Sometimes I pretend I am a poet. This is what happens.
Sometimes I lay and watch the clouds
as they float on by
and I am taken by how much clouds are like life.
Their shape changes as the wind blows,
but sometimes, sometimes they stay.
They seem stuck in the sky, unable to move, to feel, to do anything, but stay.
I wonder if they ever feel frustration?
Can clouds feel? Can a cloud hope for wind to blow it's way?
Do the clouds even want to move?
Do they even care?
Sometimes as I lay, the clouds grow dark,
full of rain, and hail, lightning and thunder.
They seem full of anger and fear, but is that what it is?
Are the clouds sad when it rains?
Or do the cry from joy knowing their leak will grant us blessings?
Without their tears we would have no flowers, no trees, no plants.
Without their tears we would have no life.
Their tears soothe a hot cheek, and wash away our anxiety.
We need them to live, no matter the unpleasantness,
and new clouds always come.
Sometimes when I lay I see a funny shape.
Is it a boot, or a fish? Or is it both?
I tilt my head and it takes on new life, a new shape, a new meaning.
But only when I look for it, do I see something new.
Can I look at life this way? Can I change my vantage point
to see what else is there?
Is there anything else there?
Of course there is, there always is.
But until I watched the clouds I could not see
that to find true beauty sometimes we have to tilt our head.

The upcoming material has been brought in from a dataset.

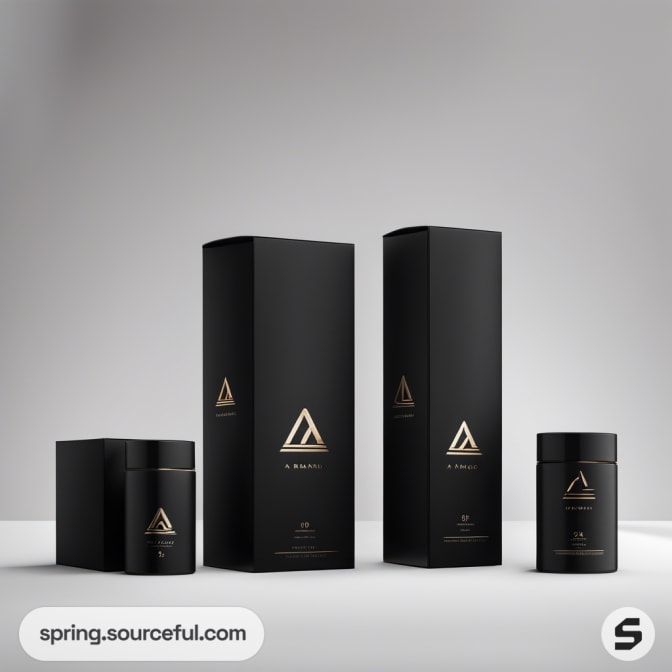 Tall black cylindrical boxes with gold logos, next to smaller square boxes, on a gray background.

Clouds come in all seasons, they change, they evolve.
They never are, what they were before,
never see the same thing twice.
So clouds are like life:
Beautiful, confusing, sad, happy, strange, changing,
scary, joyous, weird, ugly, hot, cold, gloomy, tired, awake, living.
And so do we if we choose to.
So in this life I will live,
I will be like a cloud.
I wrote this, this morning as I huddled in my blankets before my 6am walk. I have no idea where it all came from, and it probably is a jumbled mess, but I kind of liked it.
It is beautifully overcast today and I'm crossing my fingers that it rains. Wish me luck!